A recent update to a publicly downloadable database maintained by the National Institute of Standards and Technology (NIST) will make it easier to search computers, cell phones and other electronic equipment seized in police raids, leading law enforcement officials to could potentially help catch sexual predators and other criminals.
The database, called the National Software Reference Library (NSRL), plays a common role in criminal investigations involving electronic files, which can be evidence of wrongdoing. In the NSRL’s first major update in two decades, NIST increased the number and type of records in the database to reflect the growing variety of software files law enforcement may encounter on a device. The agency also resized the records to make the NSRL more searchable.
“There are hardly any major crimes that have no connection to digital technology because criminals use cell phones,” said Doug White, a NIST computer scientist who helps maintain the NSRL. “But maybe only some of the data on a phone or other device is relevant to an investigation. The update should make it easier for the police to separate the wheat from the chaff.”
Both criminal and civil investigations often involve digital evidence in the form of software and files from seized computers or mobile phones. Researchers need a way to filter out the large amounts of data that are not relevant to the study so that they can focus on finding relevant evidence.
“Suppose you have a computer that can hold incriminating photos or financial data, but also has a few video games,” White said. “Games often come with a lot of graphics files. You want to do your research as quickly and efficiently as possible, so you need a way to get rid of all the video game images. Then you can perform your more mathematical analysis on the files that remain.”

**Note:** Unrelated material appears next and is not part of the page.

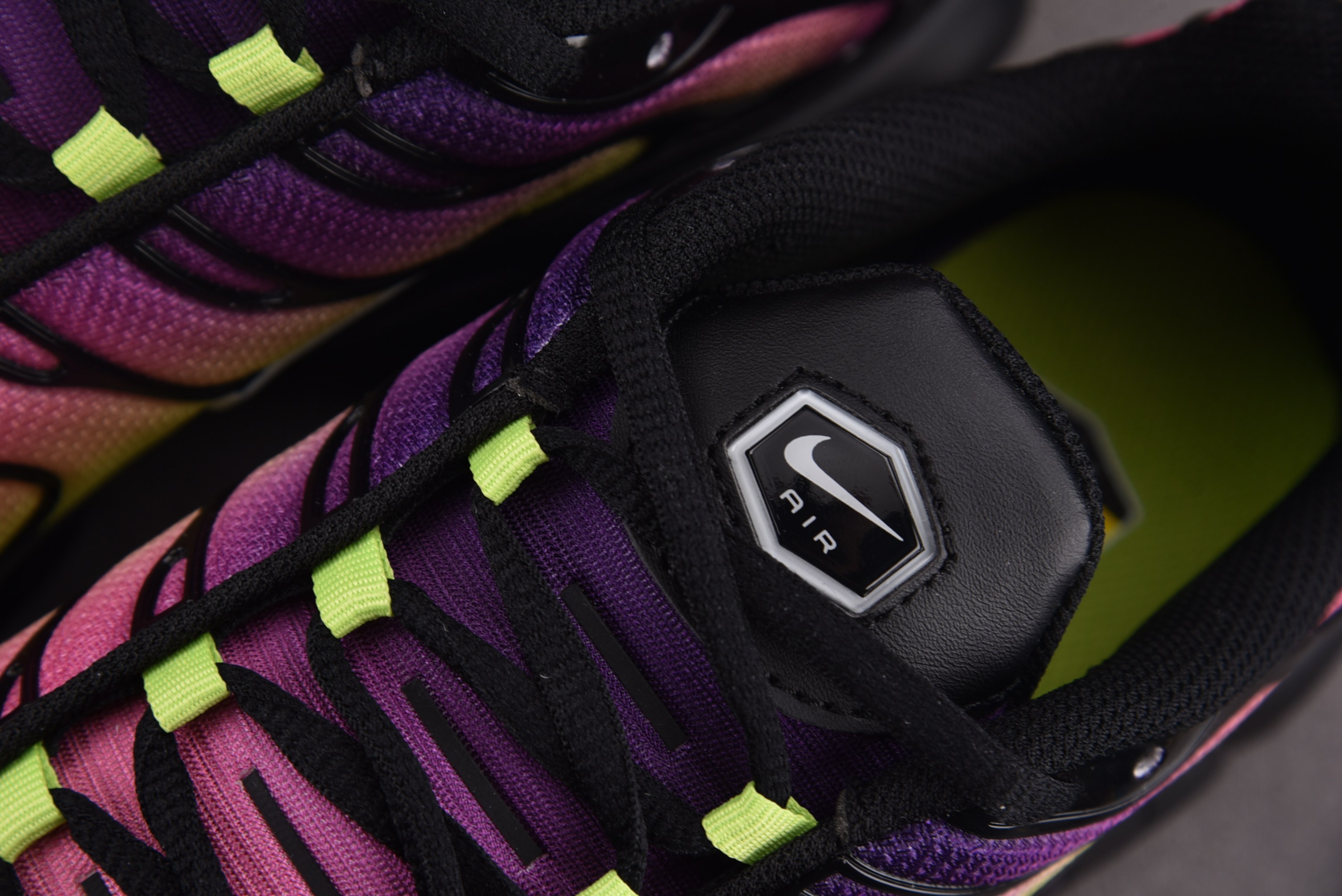 WMNS Nike Air Max Plus Northern Lights 北极光 DZ3670-00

The update comes at a time when researchers are dealing with a rapidly expanding universe of software, most of which produce numerous files that are stored in memory. Each of these files can be identified by a type of electronic fingerprint called a hash, which is the key to the screening process. The refinement of the sieving process may vary depending on the type of research being performed. The NSRL’s reference data set doubled in size from half a billion hash records in August 2019 to more than a billion in March 2022, and White says he expects the rapid growth to continue.
“Only some of the data on a phone or other device may be relevant to an investigation. … The update should make it easier for the police to separate the wheat from the chaff.” —NIST computer scientist Doug White
This growth makes the NSRL an extremely important tool for digital forensic labs, which specialize in this type of case review. Such work has become a critical part of investigations: There are about 11,000 digital forensics labs in the United States (compared to about 400 crime labs). While digital evidence plays a role in many types of crime, it is especially useful for tracking down child predators, who often have images of sexual abuse stored in the memory of a phone or computer.
While the number of NSRL entries is growing both numerically and by file type — White expects to add entries of Internet of Things (IoT) devices such as smart speakers in the near future — the recent update to the database should help researchers handle the burden. to grab. The previous 2.0 version, which is 20 years old, offered its hashes as basic text files that could be imported into a spreadsheet. Searching in the list was possible but cumbersome compared to modern search engine functions. The update, which is NSRL version 3.0, uses the SQLite format, making it easier for users to create custom filters to sort files and find what they need for a particular survey.
Another advantage is that the NSRL managers can distribute future changes to the dataset as relatively minor updates instead of resending the entire dataset, saving time and effort for users. White also said the NSRL would remain available in its old format for the benefit of users who may need time to adapt to the changes.
“We will continue to publish the dataset in both 2.0 and 3.0 formats until December 2022,” White said. “After that, there’s a relatively simple query that users can run to generate the 2.0 dataset if they need to.”
The dataset and more information about the update are available from the NIST website.